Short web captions

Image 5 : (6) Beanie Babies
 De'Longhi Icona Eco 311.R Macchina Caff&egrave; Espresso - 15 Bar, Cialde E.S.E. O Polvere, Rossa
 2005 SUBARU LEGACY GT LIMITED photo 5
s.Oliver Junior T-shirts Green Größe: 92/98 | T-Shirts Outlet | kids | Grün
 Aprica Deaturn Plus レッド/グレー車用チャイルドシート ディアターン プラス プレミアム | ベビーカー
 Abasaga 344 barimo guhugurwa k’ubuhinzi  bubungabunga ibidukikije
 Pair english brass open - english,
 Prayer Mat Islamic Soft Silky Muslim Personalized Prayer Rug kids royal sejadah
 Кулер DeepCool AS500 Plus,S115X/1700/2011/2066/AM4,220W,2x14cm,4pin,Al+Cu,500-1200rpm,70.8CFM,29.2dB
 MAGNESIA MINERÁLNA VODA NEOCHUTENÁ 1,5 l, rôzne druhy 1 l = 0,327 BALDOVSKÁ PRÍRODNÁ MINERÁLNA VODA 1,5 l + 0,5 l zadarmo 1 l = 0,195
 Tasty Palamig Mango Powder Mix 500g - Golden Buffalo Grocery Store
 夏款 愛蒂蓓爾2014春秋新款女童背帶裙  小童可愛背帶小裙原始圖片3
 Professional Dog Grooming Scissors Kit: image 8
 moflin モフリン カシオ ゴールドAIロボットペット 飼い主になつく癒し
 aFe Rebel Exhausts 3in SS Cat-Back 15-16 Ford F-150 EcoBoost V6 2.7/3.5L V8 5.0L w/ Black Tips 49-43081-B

*ASSIGNED TASK*
Reproduce every line in the data that has the word "kids" in it.

*SOLUTION*
s.Oliver Junior T-shirts Green Größe: 92/98 | T-Shirts Outlet | kids | Grün
 Prayer Mat Islamic Soft Silky Muslim Personalized Prayer Rug kids royal sejadah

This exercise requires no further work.